Grafton has two cheesemaking facilities. The original facility in Grafton, VT and the new facility in Brattleboro, VT. I visited the location in Brattleboro. In total Grafton produces over a million pounds of cheese per year. Wow! It's by far the largest creamery we've visited, but it's still a tiny cheese producer relative to the big guys. To put it in perspective, we're hoping to be in the area of 10 to 15 thousand pounds of cheese per year, or about 10-15% of the size of Grafton. Despite the size differential I still learned a lot from the visit and I couldn't have felt more welcome on the visit.

One of my key takeaways from the visit was from a procedural standpoint. Most of the farms we've visited are very, very small-scale. Efficiency is important, but it's not exactly paramount. Seeing a highly efficient, larger-scale facility was interesting. Efficiency matters a lot more when you have lots of employees and bigger production targets. At a million pounds of cheese per year (and probably millions of dollars invested) there's a lot at stake. While we don't aspire to achieve that scale we still care about being efficient, so understanding Grafton's flow and operational procedures was a big help.
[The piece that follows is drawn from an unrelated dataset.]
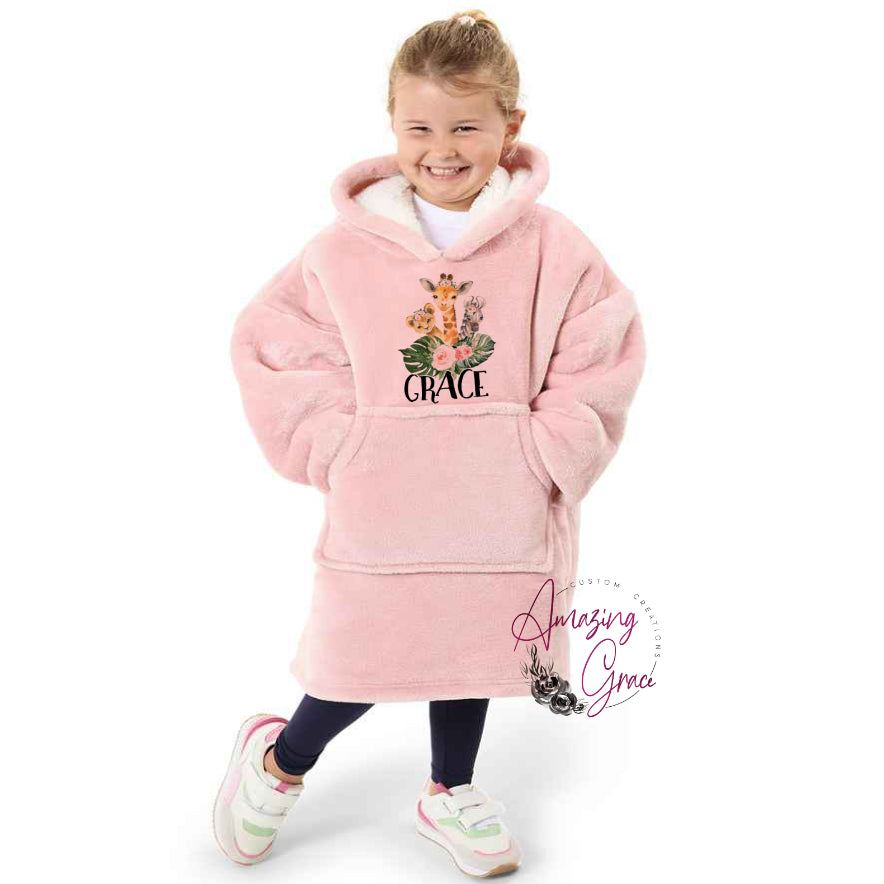 KIDS Oversize super soft snuggle hoodie - Safari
Cheddar vacuum packed and ready to age. See you in five years buddy.

To make cheese, you need milk

One of the reasons why I was interested in visiting Grafton is because Grafton buys in all of its milk. Most consumers don't think about this (I know I never did), but a lot of cheesemakers don't actually own the animals that produce the milk. The milk comes from elsewhere. In Grafton's case it's coming from about 23 dairies all over the state of VT. The benefit of this type of model is that the cheesemakers don't have to operate the animal husbandry side of the business. Also, milk production is lower margin, so the cheesemaker can focus on the higher margin business of making cheese and outsource the lower margin business of milk production to other farmers. The downside is that they don't have the enjoyment of animals or the bucolic vision that constitutes the minds of people everywhere. They also don't always have control of their supply or the price at which they're buying.

For the beginning cheesemaker (aka us) deciding whether to buy-in milk or produce your own milk is a big decision. Longer term we'd like to have our own herd. That's more of a homesteader's decision. It fits with the vision of our farm. In the near-term, however, it might not be possible (it costs a lot to build a milking parlor and buy dairy animals), so buying in milk might be a good way to start. We're sorting that stuff out now, so seeing Grafton was great, and, like I said, you won't find better people (or better cheddar). 


This vat may or may not be bigger than our apartment
Cheese smoker. We love smoked cheese. Grafton uses Maple wood chips, yum.


Wall of cheese samples. Before each batch of cheese is sold it must be sampled.